THE DATA:
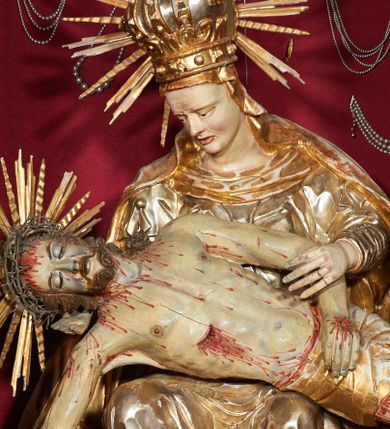 Zdjęcie nr 1: Siedząca figura Matki Boskiej zwrócona trzy czwarte w prawo, z pochyloną głową, podtrzymuje leżące na jej kolanach ciało martwego Chrystusa. Lewą ręką obejmuje jego ramię, prawą podtrzymuje głowę. Twarz Matki Boskiej szczupła o starczych rysach, oczy skierowane w dół, długi nos, rozchylone usta. Postać ubrana w złotą suknię o dekoracyjnie potraktowanych rękawach, silnie przylegającą do ciała w dolnej partii oraz obficie drapowany płaszcz przykrywający głowę i opadający na plecy. Na głowie dekoracyjna korona otoczona wokół niej promienistą glorią. Ciało Chrystusa opada bezwładnie, lewa ręka ugięta, prawa układa się wzdłuż boku Marii. Twarz ascetyczna, o wyraźnych rysach, zapadłych policzkach, oczy na wpół przymknięte, usta rozchylone; okolona zarostem. Włosy długie w postaci bujnych loków, opadają na ramiona; na głowie korona cierniowa w glorii. Ciało wychudłe, plastycznie kształtowane o wyrazistej anatomii z zaznaczonymi śladami męki, obficie broczącymi krwią. Przez biodra przepasane krótkie perizonium.
Polichromia naturalistyczna w partiach ciała, szaty złocone.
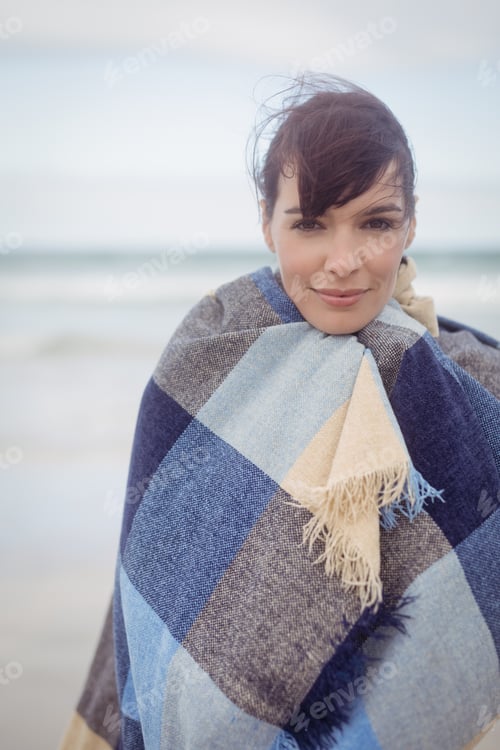 Preview: Portrait of young woman with eays closed wrapped in blanket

EXERCISE BRIEF:
From the first line to the last, reproduce the listing above exactly, leaving the pictures out.

REPLY TO THE TASK:
 Zdjęcie nr 1: Siedząca figura Matki Boskiej zwrócona trzy czwarte w prawo, z pochyloną głową, podtrzymuje leżące na jej kolanach ciało martwego Chrystusa. Lewą ręką obejmuje jego ramię, prawą podtrzymuje głowę. Twarz Matki Boskiej szczupła o starczych rysach, oczy skierowane w dół, długi nos, rozchylone usta. Postać ubrana w złotą suknię o dekoracyjnie potraktowanych rękawach, silnie przylegającą do ciała w dolnej partii oraz obficie drapowany płaszcz przykrywający głowę i opadający na plecy. Na głowie dekoracyjna korona otoczona wokół niej promienistą glorią. Ciało Chrystusa opada bezwładnie, lewa ręka ugięta, prawa układa się wzdłuż boku Marii. Twarz ascetyczna, o wyraźnych rysach, zapadłych policzkach, oczy na wpół przymknięte, usta rozchylone; okolona zarostem. Włosy długie w postaci bujnych loków, opadają na ramiona; na głowie korona cierniowa w glorii. Ciało wychudłe, plastycznie kształtowane o wyrazistej anatomii z zaznaczonymi śladami męki, obficie broczącymi krwią. Przez biodra przepasane krótkie perizonium.
Polichromia naturalistyczna w partiach ciała, szaty złocone.
 Preview: Portrait of young woman with eays closed wrapped in blanket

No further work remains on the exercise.